About Archive Tags RSS Feed

 

A final update on redisfs

4 March 2011 21:50

I think I'm done with the redis filesystem for the moment. It does everything I need it to do, although I am curious to see how much faster it could go if it were to use non-blocking writes that isn't a major concern.

There is only one missing feature I'm planning to play with - and that is the ability to implement snapshots.

As a refresher redis is a key+value store, which mostly uses system memory. I've built a simple FUSE filesystem on top of that (now with symlink support!) and so all the file contents, meta-data, and similar is stored in memory.

Implementing snapshots could be done by two different routes:

Copying all keys and their values, under a new name.

For example right now, by default, all the filesystem entries in the root directory are stored beneath the key "SKX:/" - where "SKX" is the key prefix.

Assume I copy each existing key, and the associated value(s), giving them a new prefix such as "SKX2:" I can mount the filesystem against that prefix - and we've got a point-in-time snapshot.

Serialising all keys & values

Redis has a primitive which allows you to determine the names of keys at runtime. Given that all my filesystem keys have a prefix ("SKX:" by default) it wouldn't be difficult to find them, and serialise them.

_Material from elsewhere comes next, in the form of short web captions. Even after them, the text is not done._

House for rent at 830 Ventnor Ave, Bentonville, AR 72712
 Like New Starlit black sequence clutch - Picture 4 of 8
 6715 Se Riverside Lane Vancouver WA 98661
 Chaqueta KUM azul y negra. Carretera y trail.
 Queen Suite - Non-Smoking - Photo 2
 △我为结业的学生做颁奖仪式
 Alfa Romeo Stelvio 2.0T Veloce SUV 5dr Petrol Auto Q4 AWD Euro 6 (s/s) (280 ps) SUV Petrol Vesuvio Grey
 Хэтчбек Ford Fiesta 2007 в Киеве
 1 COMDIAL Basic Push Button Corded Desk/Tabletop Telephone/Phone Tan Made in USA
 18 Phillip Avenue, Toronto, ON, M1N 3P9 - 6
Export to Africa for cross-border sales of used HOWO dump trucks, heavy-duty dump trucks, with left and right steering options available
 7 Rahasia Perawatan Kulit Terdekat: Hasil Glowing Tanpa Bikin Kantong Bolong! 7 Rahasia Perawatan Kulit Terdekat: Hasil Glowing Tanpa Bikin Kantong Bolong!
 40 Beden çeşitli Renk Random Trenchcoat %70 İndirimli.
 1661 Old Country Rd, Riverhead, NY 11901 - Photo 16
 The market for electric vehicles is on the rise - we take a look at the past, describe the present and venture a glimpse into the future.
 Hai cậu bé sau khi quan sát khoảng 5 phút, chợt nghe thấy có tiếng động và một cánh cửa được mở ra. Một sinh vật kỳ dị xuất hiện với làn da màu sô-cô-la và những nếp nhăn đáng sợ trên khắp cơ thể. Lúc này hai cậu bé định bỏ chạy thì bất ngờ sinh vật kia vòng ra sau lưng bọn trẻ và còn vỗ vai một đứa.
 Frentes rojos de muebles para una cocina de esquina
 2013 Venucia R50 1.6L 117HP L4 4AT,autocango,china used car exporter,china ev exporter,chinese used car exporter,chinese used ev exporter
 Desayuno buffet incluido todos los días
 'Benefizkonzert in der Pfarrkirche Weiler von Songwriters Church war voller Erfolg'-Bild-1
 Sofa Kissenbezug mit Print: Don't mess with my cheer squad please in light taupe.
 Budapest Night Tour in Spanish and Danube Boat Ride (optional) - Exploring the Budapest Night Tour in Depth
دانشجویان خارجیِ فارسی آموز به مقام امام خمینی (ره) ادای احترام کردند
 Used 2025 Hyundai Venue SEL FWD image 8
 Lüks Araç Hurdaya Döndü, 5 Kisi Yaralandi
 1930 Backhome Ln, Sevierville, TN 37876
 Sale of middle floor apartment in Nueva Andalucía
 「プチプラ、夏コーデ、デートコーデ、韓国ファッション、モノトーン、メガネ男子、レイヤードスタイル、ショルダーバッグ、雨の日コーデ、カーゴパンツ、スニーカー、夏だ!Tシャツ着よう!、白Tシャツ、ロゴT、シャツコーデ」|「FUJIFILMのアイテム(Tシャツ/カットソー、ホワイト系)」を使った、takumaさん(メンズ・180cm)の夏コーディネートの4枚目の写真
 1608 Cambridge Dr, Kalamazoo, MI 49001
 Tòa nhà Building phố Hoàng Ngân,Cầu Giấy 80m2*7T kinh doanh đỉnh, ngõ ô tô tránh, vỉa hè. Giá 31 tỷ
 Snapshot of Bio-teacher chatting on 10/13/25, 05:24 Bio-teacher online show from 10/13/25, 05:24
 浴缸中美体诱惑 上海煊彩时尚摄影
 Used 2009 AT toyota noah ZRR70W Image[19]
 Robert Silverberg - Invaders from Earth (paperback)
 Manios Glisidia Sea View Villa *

This would require more effort to re-import and re-mount, but it should be portable across hosts.

Anyway assuming I get this right we'll have a filesystem which is replication-friendly and snapshot-able. A fun combination.

ObQuote: "We had been everywhere. We had really seen nothing. " - Lolita

| 7 comments

 

Comments on this entry

icon Andrew at 02:03 on 6 March 2011
http://profiles.google.com/andmalc

Thanks - seems to work fine. One thing I don't get: how or where is file content saved?

icon Steve Kemp at 03:02 on 6 March 2011
http://www.steve.org.uk/

For each new object you create, be it a file, a directory, or a symlink, a new number will be allocated. (See the source code function "get_next_inode()".)

The new entry will have a lot of keys created for it, in Redis, to hold different pieces of information. These keys will hold data such as the owner, the group ID, the access time, the creation time, and so on.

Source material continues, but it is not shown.